Die Tour de France startet am 1. Juli in Kopenhagen, Dänemark. Alle Infos über die schwierige Strecke, die Favoriten auf das Gelbe Trikot und mehr erfahrt ihr in diesem Beitrag!
„La Grande Boucle“ oder einfach „Le Tour“, das größte Radrennen der Welt startet wie gewöhnlich Anfang des Sommers, am 1. Juli. In diesem Jahr beginnt die Tour de France auch wie der Giro d’Italia im Ausland, und zwar in Kopenhagen, der dänischen Hauptstadt. Die zweite Grand Tour der Saison bietet eine harte Strecke durch die Alpen und Pyrenäen, wo Sprinter, Kletterer und die besten Rennfahrer für ihre Gesamtwertung über insgesamt drei Wochen (vom 1. Juli zu 24. Juli) kämpfen werden.
Die Tour de France 2020 war eine Ankündigung, letztes Jahr galt die Krönung des neuen Königs des Radsport. Der Slowene Tadej Pogačar (UAE Team Emirates) dominierte das Rennen von Anfang an und ließ seinen Konkurrenten keine Chance. Er gewann drei Etappen, die Gesamtwertung (Gelbe Trikot), die Bergwertung (Gepunktetes Trikot) und die Nachwuchswertung (Weißes Trikot). Niemand kam auch nur annähernd an den damals 21-Jährigen heran. Deshalb stellt sich jeder diese Frage: Kann jemand Tadej Pogačar besiegen?
Die diesjährige Strecke
Die Tour 2022 beginnt in Dänemark mit einem kurzen Einzelzeitfahren (13 km) in der Hauptstadt Kopenhagen. Seit 2017 wurde nicht mehr mit einem Einzelzeitfahren eröffnet, damals gewann Geraint Thomas in Düsseldorf. Danach folgen zwei flache Küsten Etappen, auf denen Wind und Regen eine Rolle spielen könnten. Die Favoriten in der Gesamtwertung müssen hier besonders aufmerksam sein, um keine wertvolle Zeit zu verlieren.

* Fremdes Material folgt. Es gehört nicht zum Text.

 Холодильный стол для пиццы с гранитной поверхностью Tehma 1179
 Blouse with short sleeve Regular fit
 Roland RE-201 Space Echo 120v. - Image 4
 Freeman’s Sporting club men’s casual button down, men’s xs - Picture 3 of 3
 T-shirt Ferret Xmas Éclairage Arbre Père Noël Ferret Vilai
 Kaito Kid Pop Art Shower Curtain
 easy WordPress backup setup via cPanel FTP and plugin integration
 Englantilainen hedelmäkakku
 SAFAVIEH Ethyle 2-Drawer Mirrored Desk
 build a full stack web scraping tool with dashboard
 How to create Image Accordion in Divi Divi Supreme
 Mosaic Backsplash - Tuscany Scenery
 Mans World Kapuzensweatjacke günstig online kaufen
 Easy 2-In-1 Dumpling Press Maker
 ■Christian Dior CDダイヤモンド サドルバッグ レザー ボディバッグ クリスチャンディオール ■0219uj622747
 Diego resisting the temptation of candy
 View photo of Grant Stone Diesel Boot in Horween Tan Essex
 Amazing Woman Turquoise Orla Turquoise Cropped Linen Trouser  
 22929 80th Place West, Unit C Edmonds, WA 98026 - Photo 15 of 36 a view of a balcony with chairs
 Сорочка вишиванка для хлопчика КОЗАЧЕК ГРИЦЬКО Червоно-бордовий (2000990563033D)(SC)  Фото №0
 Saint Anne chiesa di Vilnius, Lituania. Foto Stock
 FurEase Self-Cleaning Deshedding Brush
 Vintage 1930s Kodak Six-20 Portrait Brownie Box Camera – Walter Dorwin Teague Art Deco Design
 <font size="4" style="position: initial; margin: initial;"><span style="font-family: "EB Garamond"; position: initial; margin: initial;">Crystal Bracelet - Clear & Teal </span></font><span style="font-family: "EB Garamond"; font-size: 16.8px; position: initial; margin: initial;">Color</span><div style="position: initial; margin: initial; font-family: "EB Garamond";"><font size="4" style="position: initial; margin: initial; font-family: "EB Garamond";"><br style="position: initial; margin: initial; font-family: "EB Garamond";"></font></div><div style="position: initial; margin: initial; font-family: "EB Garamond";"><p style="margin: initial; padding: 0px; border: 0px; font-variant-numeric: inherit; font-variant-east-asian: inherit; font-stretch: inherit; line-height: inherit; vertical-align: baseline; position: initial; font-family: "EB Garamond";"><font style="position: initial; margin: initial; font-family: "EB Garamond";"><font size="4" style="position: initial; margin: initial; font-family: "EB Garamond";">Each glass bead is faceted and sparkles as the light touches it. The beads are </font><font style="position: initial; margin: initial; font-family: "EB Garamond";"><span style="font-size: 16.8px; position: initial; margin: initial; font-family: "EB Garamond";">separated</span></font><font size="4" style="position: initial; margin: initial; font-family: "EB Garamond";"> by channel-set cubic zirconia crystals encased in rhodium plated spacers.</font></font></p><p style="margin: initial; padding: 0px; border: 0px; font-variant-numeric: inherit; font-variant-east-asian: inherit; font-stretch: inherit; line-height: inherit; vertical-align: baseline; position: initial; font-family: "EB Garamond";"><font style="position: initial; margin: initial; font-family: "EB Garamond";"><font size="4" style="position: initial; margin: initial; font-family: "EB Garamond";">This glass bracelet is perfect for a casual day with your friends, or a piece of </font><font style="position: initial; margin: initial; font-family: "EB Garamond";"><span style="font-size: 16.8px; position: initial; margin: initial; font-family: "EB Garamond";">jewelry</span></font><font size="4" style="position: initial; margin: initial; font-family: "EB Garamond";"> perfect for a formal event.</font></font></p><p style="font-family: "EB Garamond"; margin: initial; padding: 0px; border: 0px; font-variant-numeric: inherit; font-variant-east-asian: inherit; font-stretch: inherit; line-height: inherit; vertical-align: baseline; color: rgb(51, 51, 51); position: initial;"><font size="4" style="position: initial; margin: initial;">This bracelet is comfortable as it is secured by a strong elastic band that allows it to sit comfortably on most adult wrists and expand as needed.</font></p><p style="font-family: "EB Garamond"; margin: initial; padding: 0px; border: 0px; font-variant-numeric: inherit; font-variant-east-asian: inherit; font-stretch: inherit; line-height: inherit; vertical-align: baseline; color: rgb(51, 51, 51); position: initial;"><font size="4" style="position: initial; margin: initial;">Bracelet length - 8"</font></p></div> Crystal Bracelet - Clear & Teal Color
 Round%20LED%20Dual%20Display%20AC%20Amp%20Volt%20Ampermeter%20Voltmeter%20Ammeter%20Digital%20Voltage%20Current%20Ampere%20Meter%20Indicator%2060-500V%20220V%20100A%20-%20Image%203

Nach einem Ruhetag am Montag geht es nach Frankreich, wo Kopfsteinpflaster (5. Etappe) auf das Peloton warten. Auch hier müssen sich die Anwärter auf das Gelbe Trikot in Acht nehmen, während die Paris-Roubaix-Spezialisten eine seltene Gelegenheit zum Etappensieg haben. Außerdem steht auf dem Menü der ersten Woche eine Bergankunft auf der Super Planche des Belles Filles (7. Etappe). Die letzten Meter des 7 km langen Anstiegs führen über eine Kies-Rampe, die absurde 24 % erreicht, und gilt somit als erste große Prüfung für die Favoriten.
Für das Peloton geht es in der zweiten Woche in die Alpen. Vier Bergetappen stehen auf dem Programm, unter anderem die mächtige 11. Etappe mit einem furchterregenden Trio von Anstiegen: Col du Télégraphe, Col du Galibier und Col du Granon. Dieser letzte Anstieg hat eine durchschnittliche Steigung von 9,2 % über 11,3 km. Mit ein paar ikonischen Anstiegen geht es am nächsten Tag weiter. Auf der 12. Etappe müssen die Fahrer neben dem Col du Galibier und dem Col de la Croix de Fer auch die berühmte Alpe d’Huez bezwingen, dessen 21 Kehren seit 2018 nicht mehr absolviert wurden.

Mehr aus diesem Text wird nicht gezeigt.